Barbara’s rating: 3.8 out of 5 Stars
Series: The Grand Tours of the Aristocracy #4
Publication Date: 10/24/25
Period: 1841 – Rome
Number of Pages: 329
With this author, we always get two wonderful romances and HEAs in each book. She also usually references something from a long-ago book – something that helped the hero win the heroine. In this book, it is shoes. If you read that earlier book, it will make you smile as you remember, and if you didn’t read it, you’ll think ‘how cute’ and move on. In this series, we follow a group of family members embarking on a Grand Tour – with Rome as their final destination. During the tour, all of the unattached males have found their HEAs – except David, Viscount Penton.
David has always behaved as a gentleman should. He’s respectful, thoughtful, kind, caring, protective, and amiable. Everybody loves David – well, almost everybody. He cannot believe the young lady he just tried to rescue thinks he is as bad a rake as the man from whom he attempted to rescue her. Humpf! Of course, he has to admire the fact that she had actually already rescued herself.

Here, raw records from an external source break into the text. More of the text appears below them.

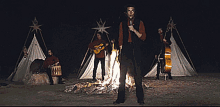 a man in a red shirt is standing in front of a fire while playing instruments
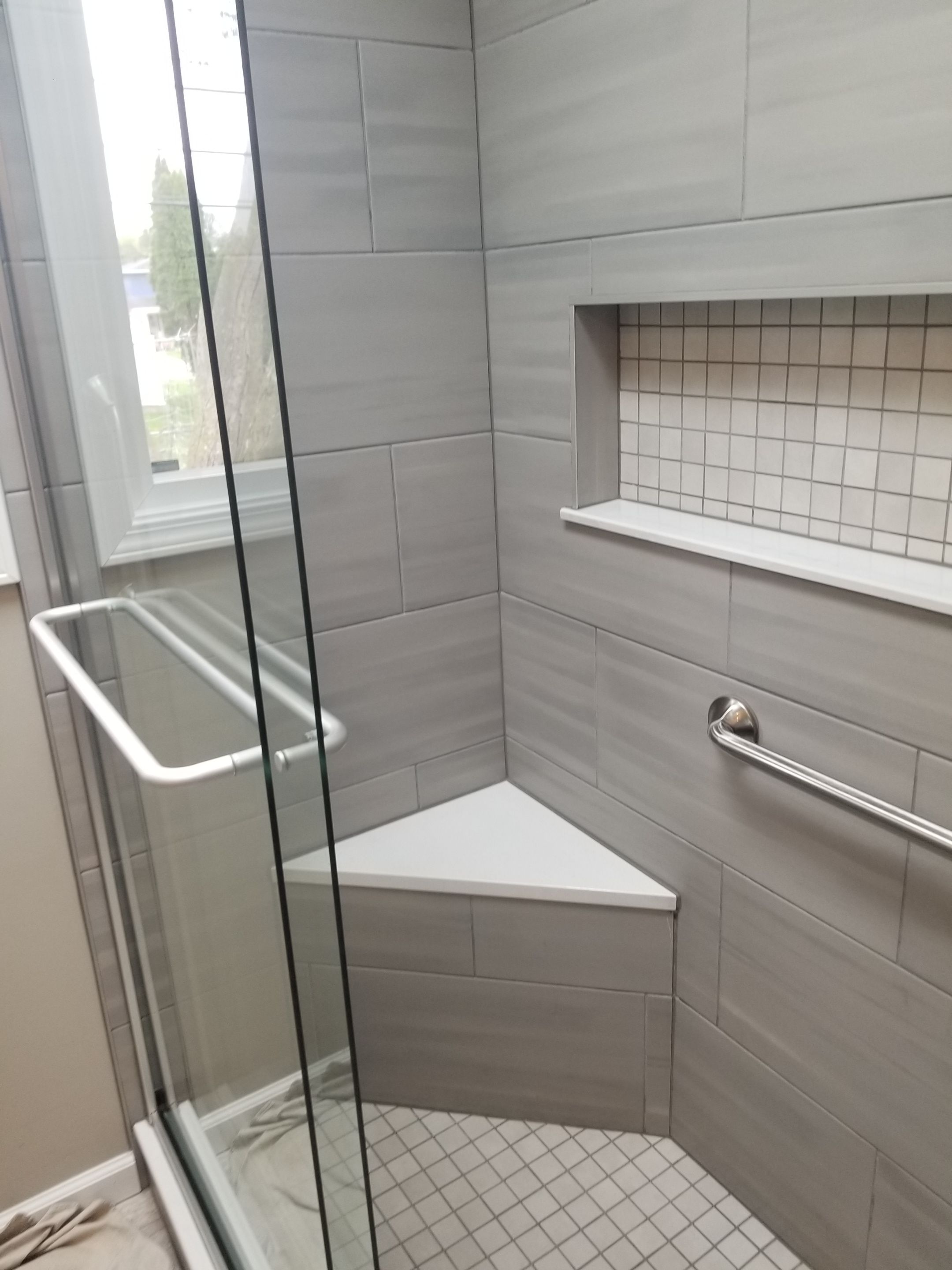 Remodel full bathroom new tile walk in shower plus 2nd half bath Powder room in Livonia, MI by Northwest Construction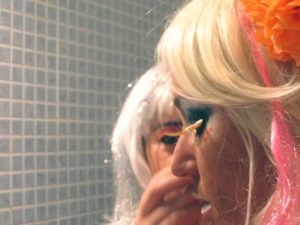Ganguro girl put even more emphasis on their face and hair make-up such as intricate fake eyelashes and colorful eyeshadow.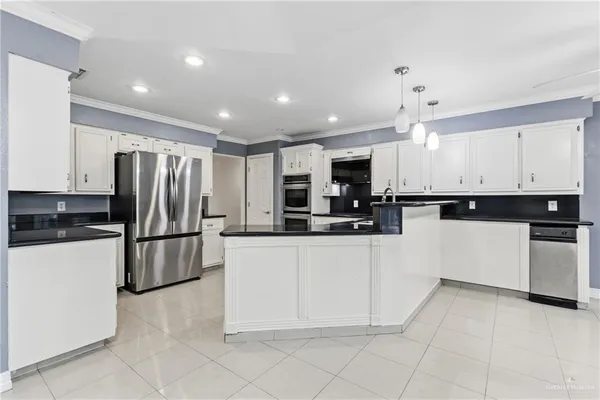 a kitchen with stainless steel appliances granite countertop a refrigerator and a stove top oven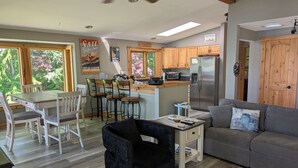 A modern kitchen with wooden cabinets, a stainless steel refrigerator, and a dining area with a table and chairs.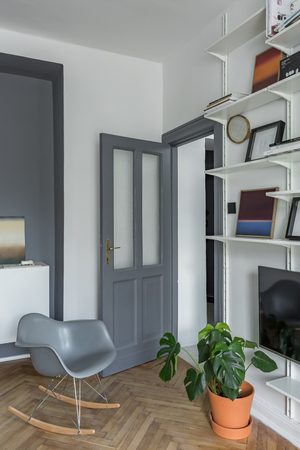 Apartment with gray decorations, wooden floor and white bookcaseの写真素材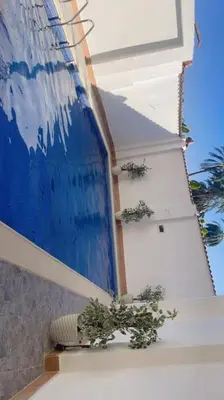 a painting on the side of a building with plants at Mado luxury villa with private pool in Luxor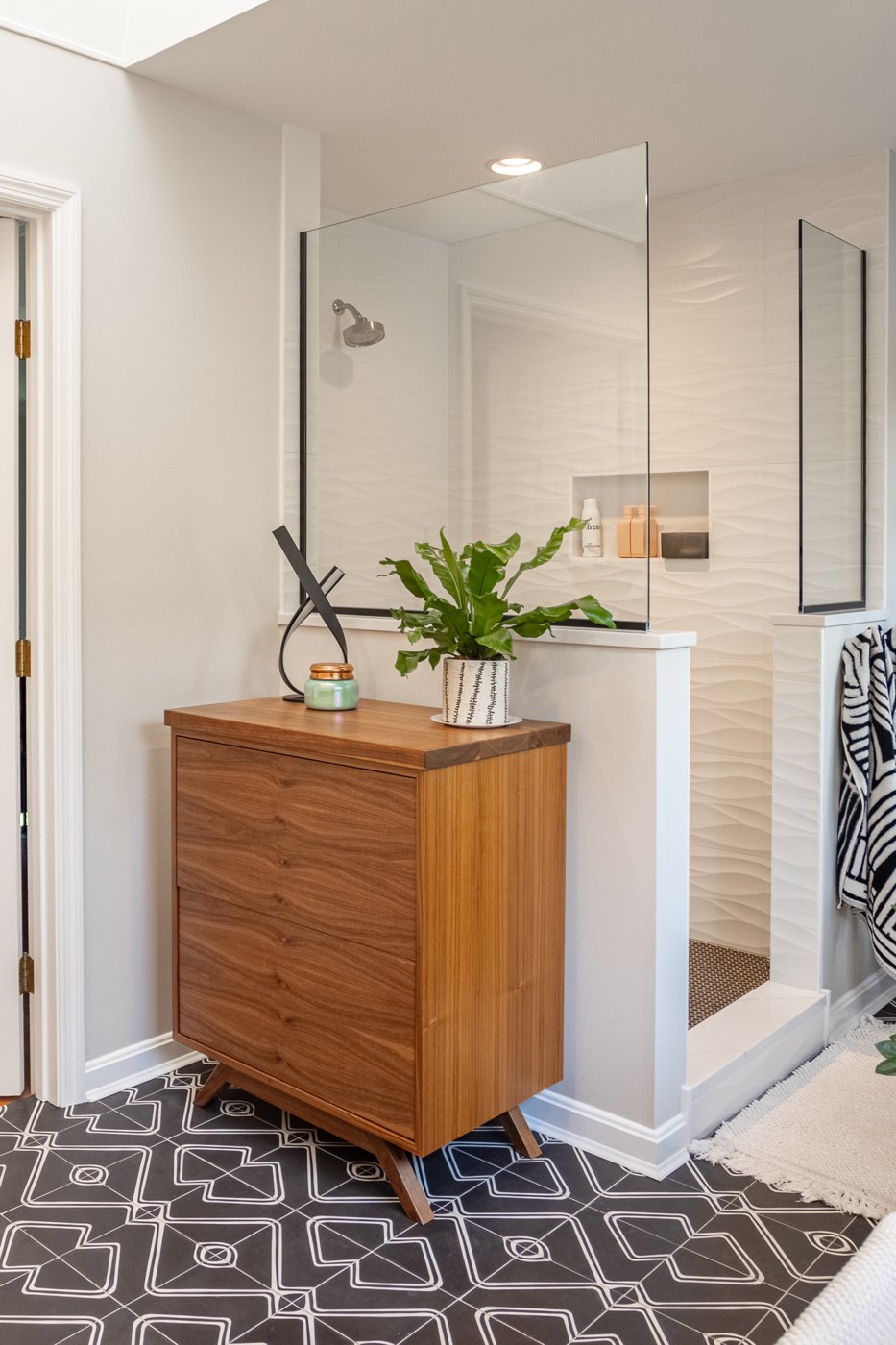 stylish Cincinnati bathroom with wooden vanity potted plant and glass shower enclosure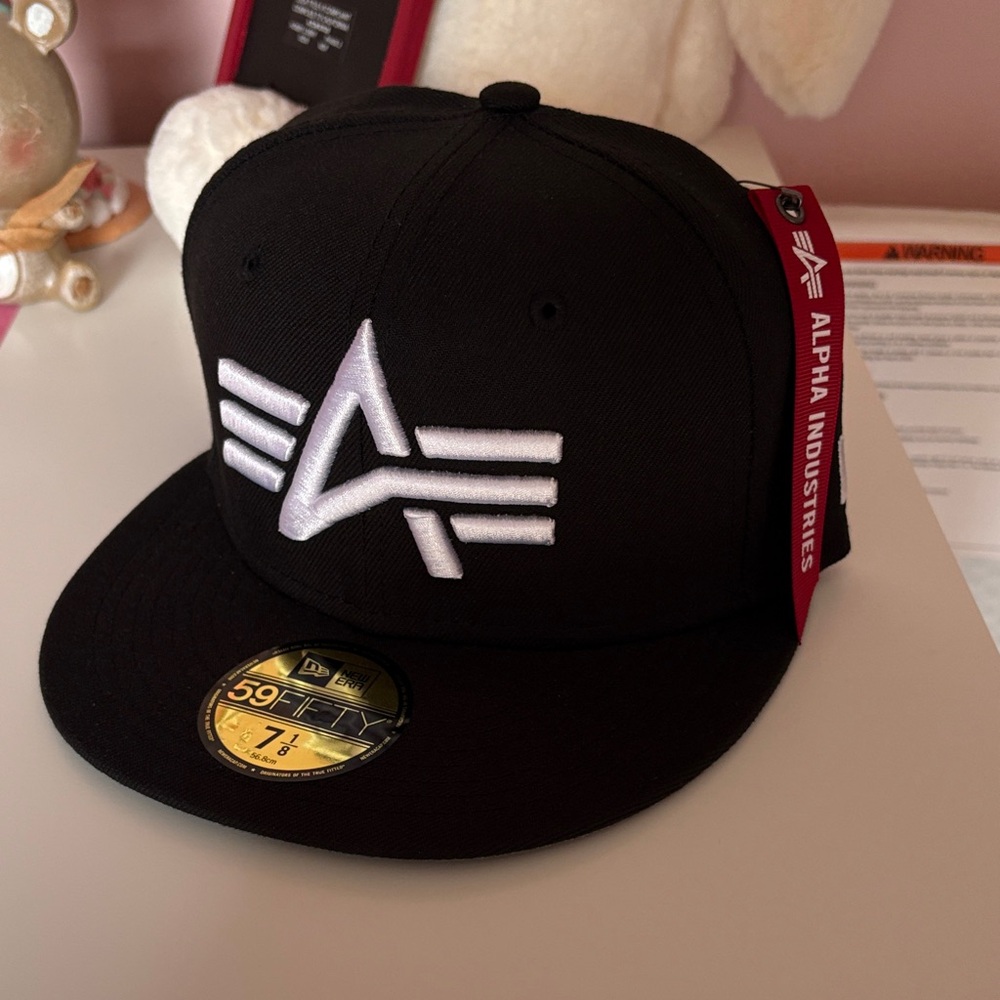 Alpha Industries Black Snapback with White Logo and Red Tag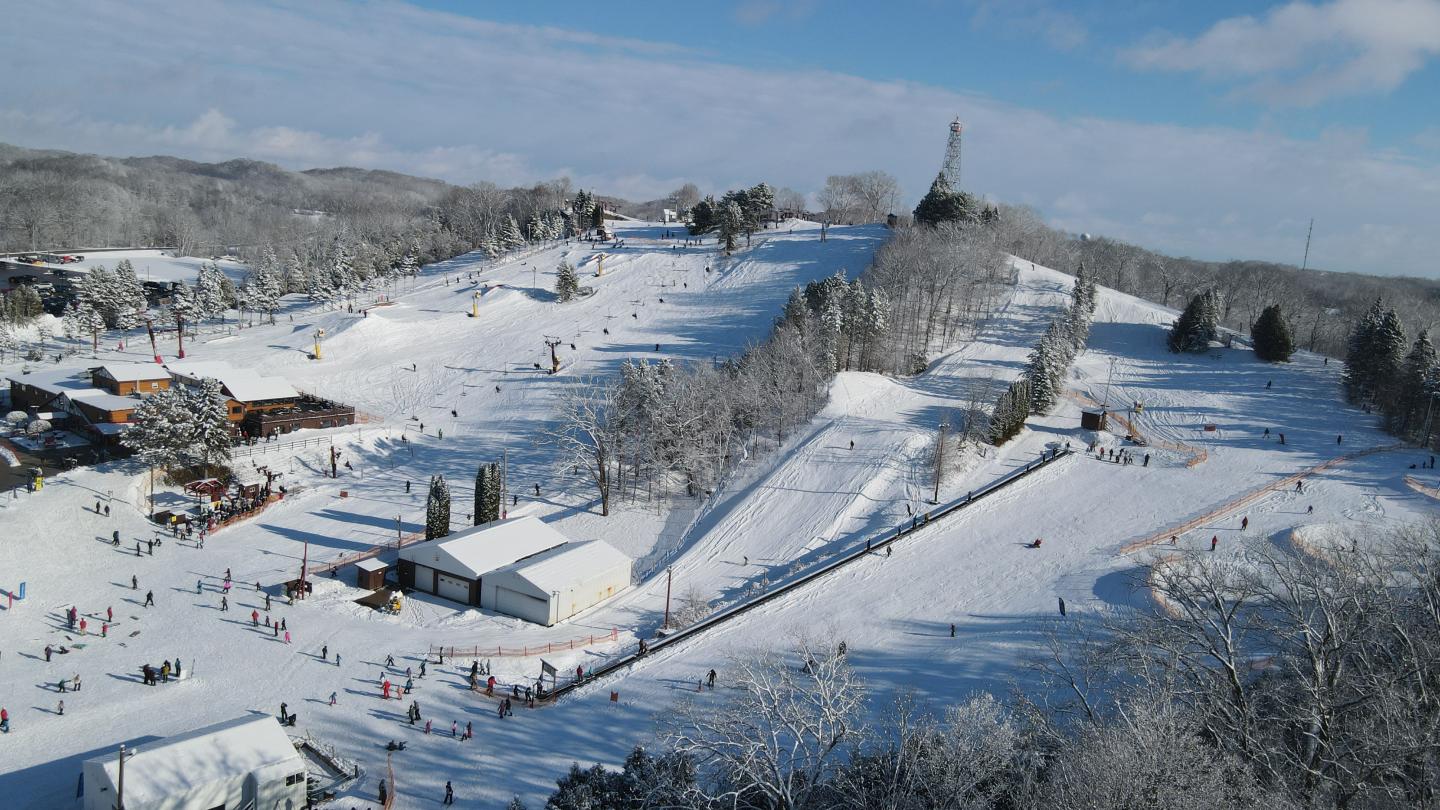 Snowy ski resort with skiers, trees, and distant statue under a blue sky.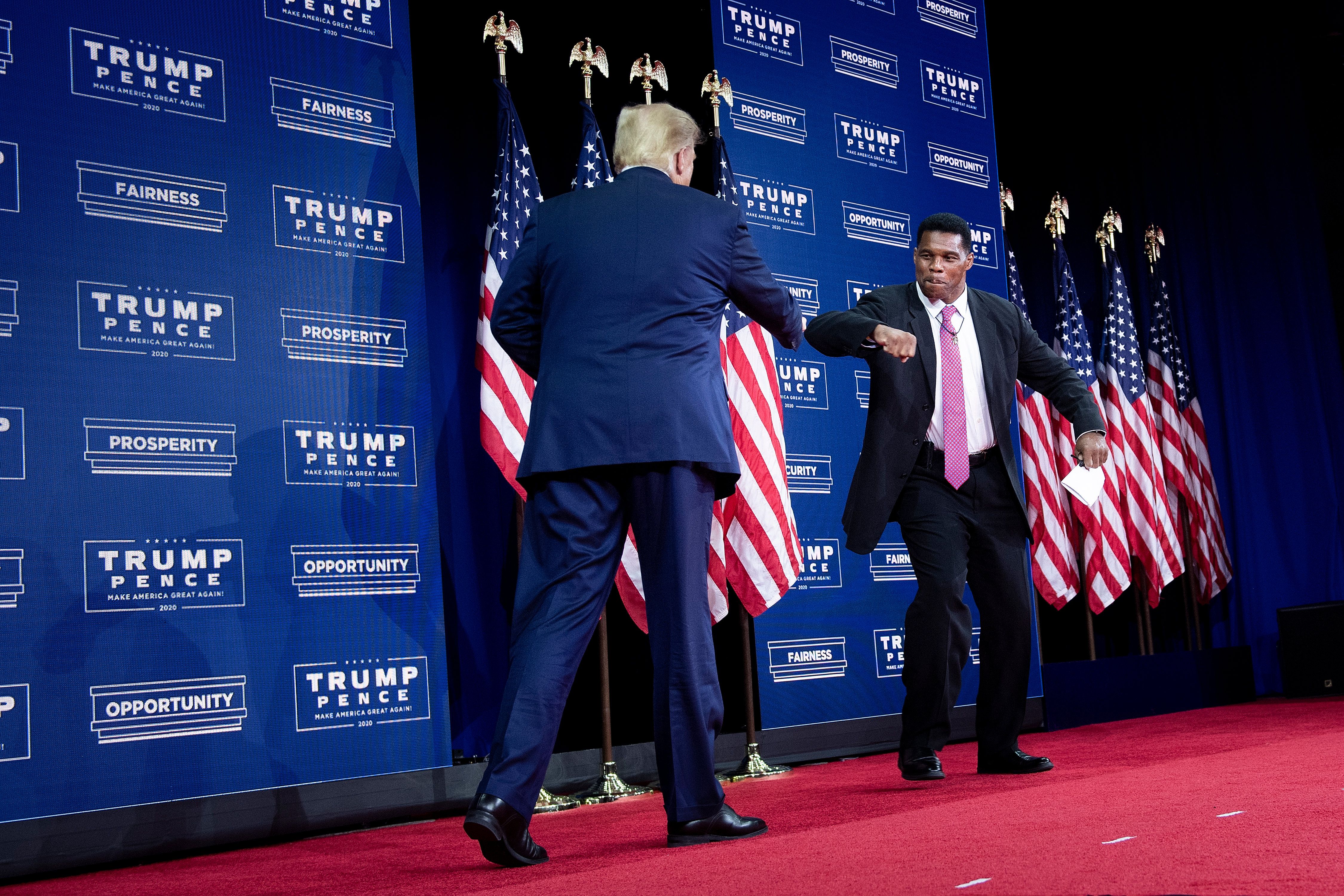 US President Donald Trump is greeted by NFL hall of fame member Herschel Walker during an event for black supporters at the Cobb Galleria Centre September 25, 2020, in Atlanta, Georgia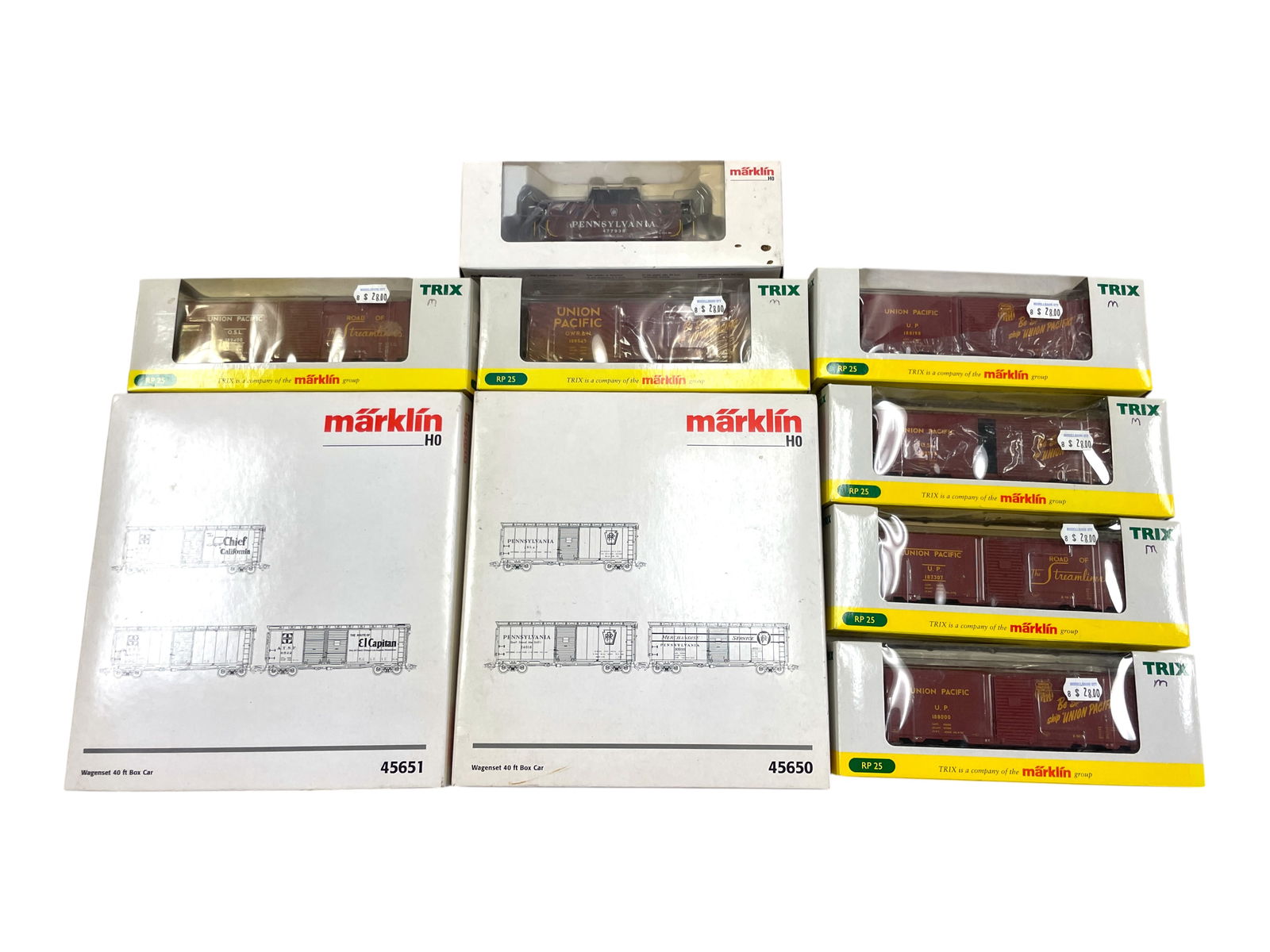 Marklin & Trix HO American Freight Cars: HO Gauge. Includes 6 Trix 24900 RP25 UP boxcars, all different road numbers; Marklin 45650 PRR boxcar 3pk; 45651 ATSF 3pk Boxcars. Marklin 45705 PRR N5c Caboose. They appear new in boxes. Shipping: We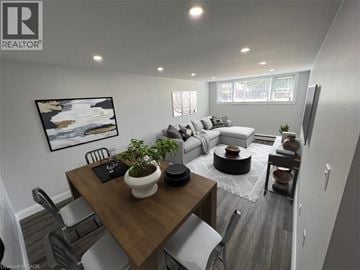 Kitchener apartment for rent - A modern living room with a dining table and chairs.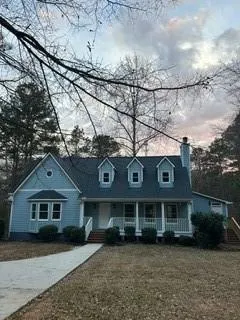 New england style home featuring a porch, a chimney, and a front lawn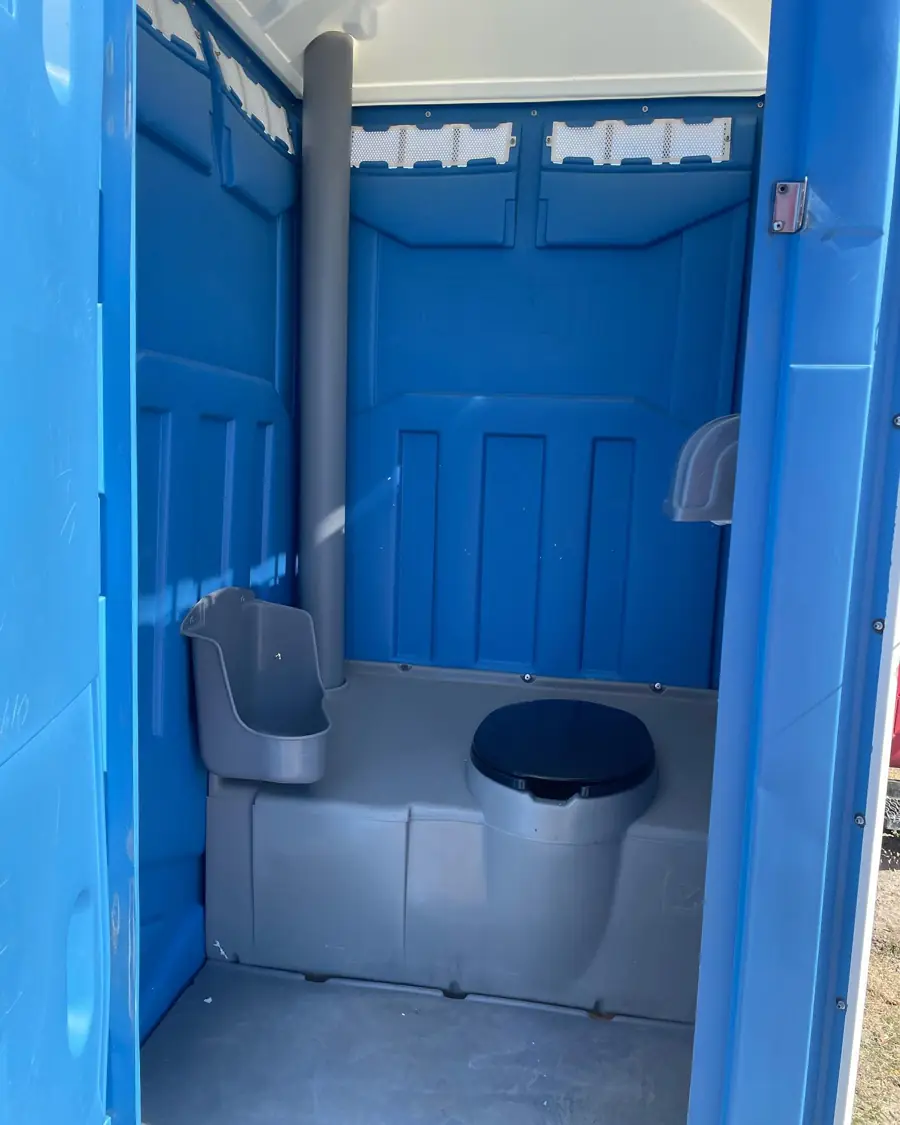 Interior of a blue portable toilet with seat, urinal and vent pipe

Lady Vittoria has been excessively sheltered by her overprotective father all of her life. She’s never really traveled nor mixed in society – but she has been raised to think all men are rakes, and she acts accordingly. So, when one rake tries to take advantage of her, she believes the one who comes behind him is a rake as well.
Our second romance is between American Patrick McAdams and Dona Armenia D’Avalos, who is Lady Vittoria’s great aunt. Patrick is a widower with an adult son, and has come to Rome to expand their textile business. Armenia has never married and is thankful for that. She thinks Patrick is a fortune-hunting lothario who is after Vittoria.
The sparks fly quickly between each couple, and it was a delight to see David and Patrick pursue and win Vittoria and Armenia.
This was a fun read filled with lovely characters and delightful romances. This author is well-traveled, and you’ll also pick up lots of the history of Rome – along with descriptions that will make you feel as if you are walking right along beside them.
I voluntarily read an early copy of this book. All thoughts and opinions are my own.